◆ **WHAT YOU NEED TO DO**: Locate, in the data below, the line that contains "Coque Infinix GT" and the line that contains "Alice No País"; reproduce exactly those two lines and every line between them, nothing more.

◆ **EXERCISE MATERIALS**:

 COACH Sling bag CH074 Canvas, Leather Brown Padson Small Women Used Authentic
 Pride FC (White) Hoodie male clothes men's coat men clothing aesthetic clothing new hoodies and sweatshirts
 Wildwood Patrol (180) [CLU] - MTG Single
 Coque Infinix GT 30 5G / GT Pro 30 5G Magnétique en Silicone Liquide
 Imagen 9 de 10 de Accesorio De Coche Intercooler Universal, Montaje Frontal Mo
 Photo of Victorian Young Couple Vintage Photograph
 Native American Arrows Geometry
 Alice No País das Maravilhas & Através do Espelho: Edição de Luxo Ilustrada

==

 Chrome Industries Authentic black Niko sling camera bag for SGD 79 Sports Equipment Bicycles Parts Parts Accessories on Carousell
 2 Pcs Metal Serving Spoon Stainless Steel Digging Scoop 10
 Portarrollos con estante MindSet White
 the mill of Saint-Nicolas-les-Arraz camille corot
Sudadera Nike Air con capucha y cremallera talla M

◆ **ANSWER SPACE**:
 Coque Infinix GT 30 5G / GT Pro 30 5G Magnétique en Silicone Liquide
 Imagen 9 de 10 de Accesorio De Coche Intercooler Universal, Montaje Frontal Mo
 Photo of Victorian Young Couple Vintage Photograph
 Native American Arrows Geometry
 Alice No País das Maravilhas & Através do Espelho: Edição de Luxo Ilustrada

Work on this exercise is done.